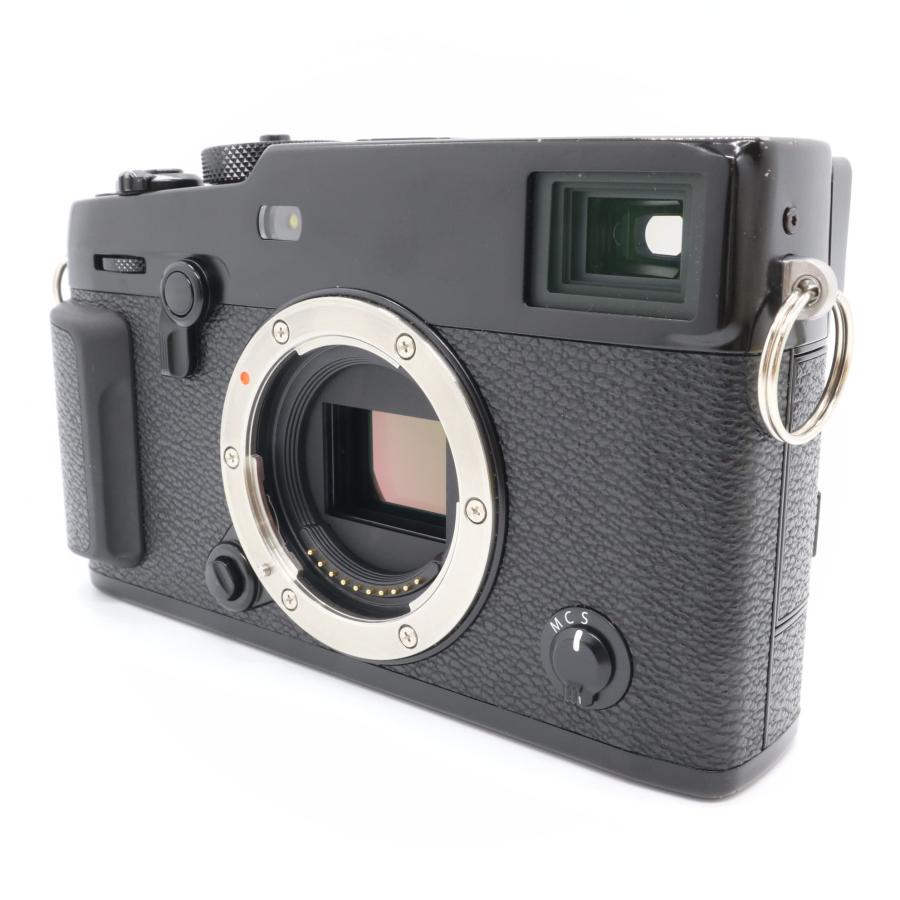 富士フイルム　X-Pro3 ボディ ブラック美品 富士フイルム FUJIFILM X-Pro3 ボディ [ブラック] 価格比較 - 価格.com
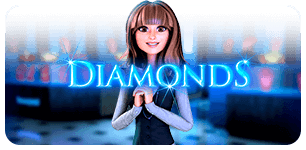 Diamonds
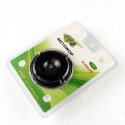 Waterproof Tweeter 115db Motorcycle 5 Color Snail Horn Loudspeaker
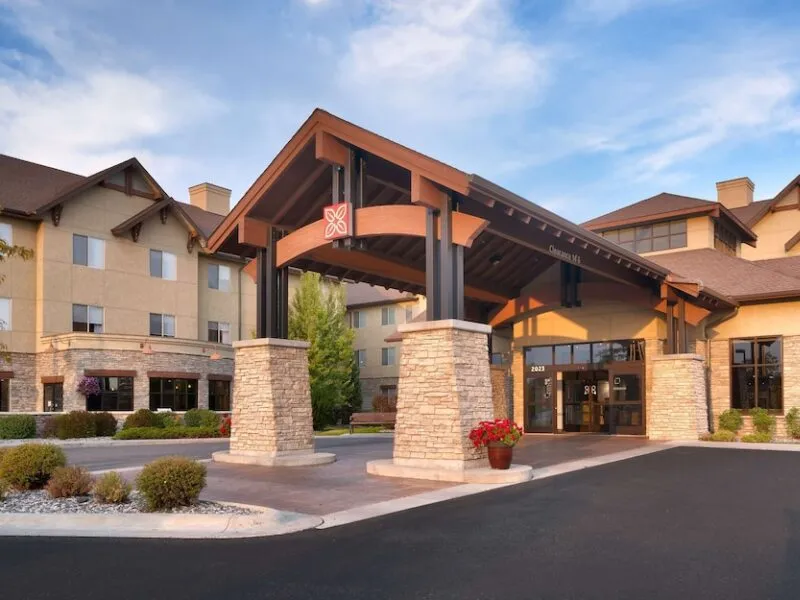 Hilton Garden Inn Bozeman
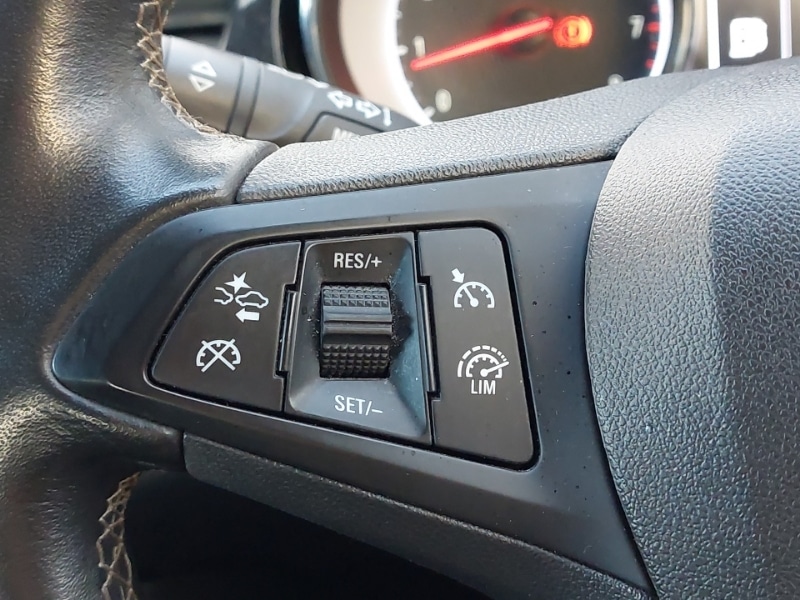 Used Vauxhall Astra 2017 for sale - 76644011: Photo 13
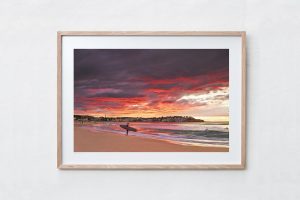 Shadow Box | Raw 125cm x 91cm | €975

++++++++++++++++++++

• _Work request_
Beginning with the line that holds "Used Vauxhall Astra", return each line through the end of the records above exactly. Do not include pictures.

• _Completed exercise_
 Used Vauxhall Astra 2017 for sale - 76644011: Photo 13
 Shadow Box | Raw 125cm x 91cm | €975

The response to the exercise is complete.